In 1981, writer David Broder wrote, “…survival of the hero in conditions of imminent danger is taken as a sign of divine favor—a token that [they] have been saved for a reason.”
Television series gives Garrett insperation
Garret was a skilled dancer who was alive and determined to gracefully move across the dance floor, but only this time in a wheelchair.
However, the question she faced was how to turn her dreams into reality? Push Girls become an inspiration for many disabled and non-disabled viewers. At the urging of her mother, Garrett faithfully watched the show pulling inspiration from the series, but it was Push Girls star Chelsie Hill that resonated with Garrett.

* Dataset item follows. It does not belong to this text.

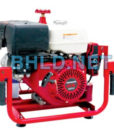 Máy bơm chữa cháy honda fire pump gasilion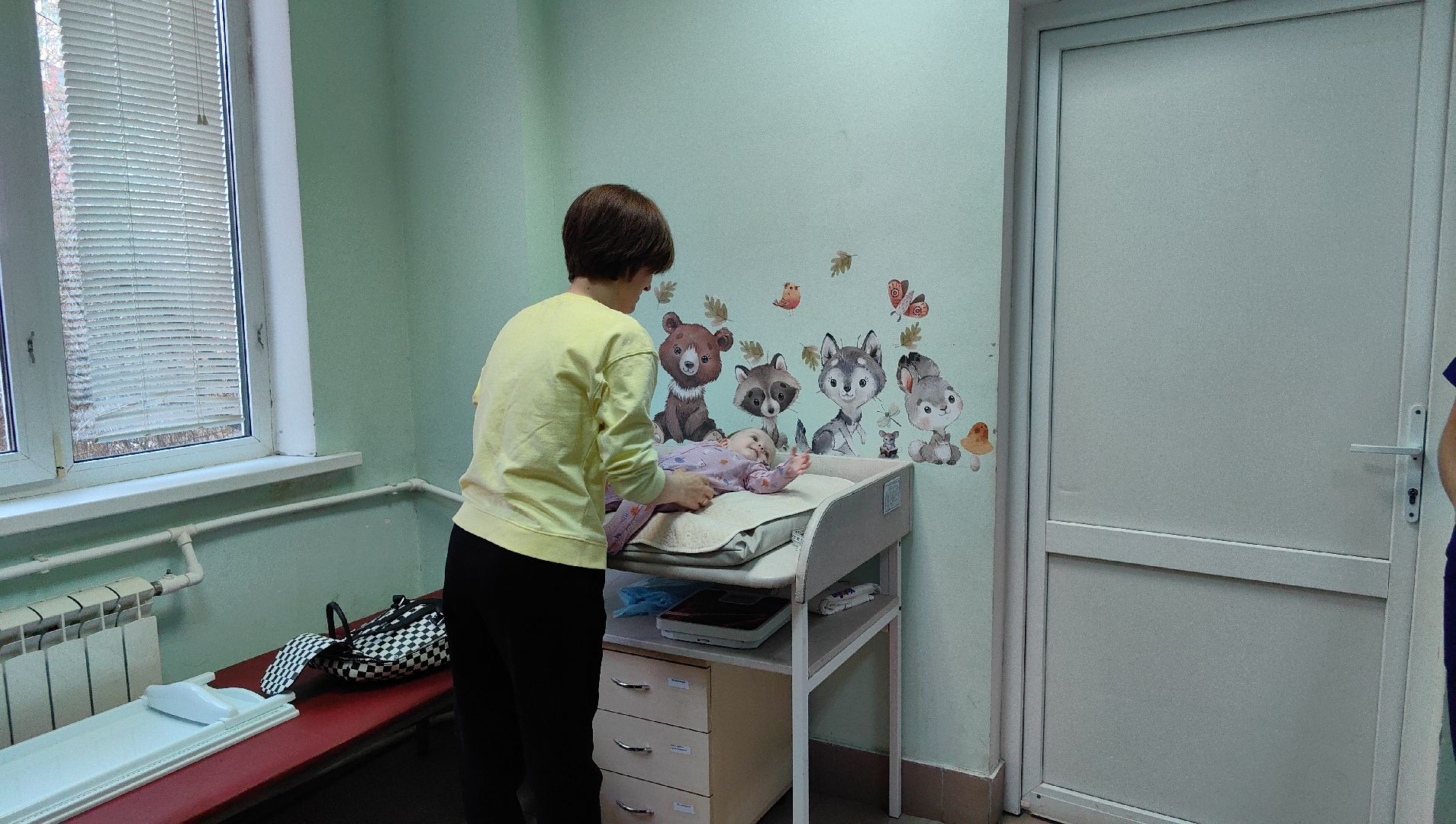 орви, грипп, профилактика, вирусные заболевания,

Similar to Garrett, Hill was a committed dancer who suffered an injury at the same age as Garrett. Garrett and Hill connected on social media. Not only did they become friends, but Hill taught Garrett how to fully function in her wheelchair to resume her passion for dance.
In 2019, Garrett’s efforts paid off; she posted dance videos in her wheelchair, which netted her over 105,000 followers on TikTok. In fact, Garrett took her enthusiasm for dance one step further, learning routines with other dancers.
Garrett finds new purpose though advocacy
Although dance remains a fixture in her life, Garrett is in college at the University of Central Florida. In addition to her academic studies, she has become a motivational speaker for injured people. Garrett attends annual camps, such as the Rollettes Experience, where she offers words of encouragement to empower women and girls in wheelchairs from across the U.S.
“The youth is my focus because I still consider myself a part of this generation,” said Garrett. “To be honest, I think our generation is lost. We can feel like our parents and loved ones are against us, and that our ‘friends’ are always the best thing for us. But, from my situation, I want to encourage our youth that our parents are not here to hinder or hurt us.”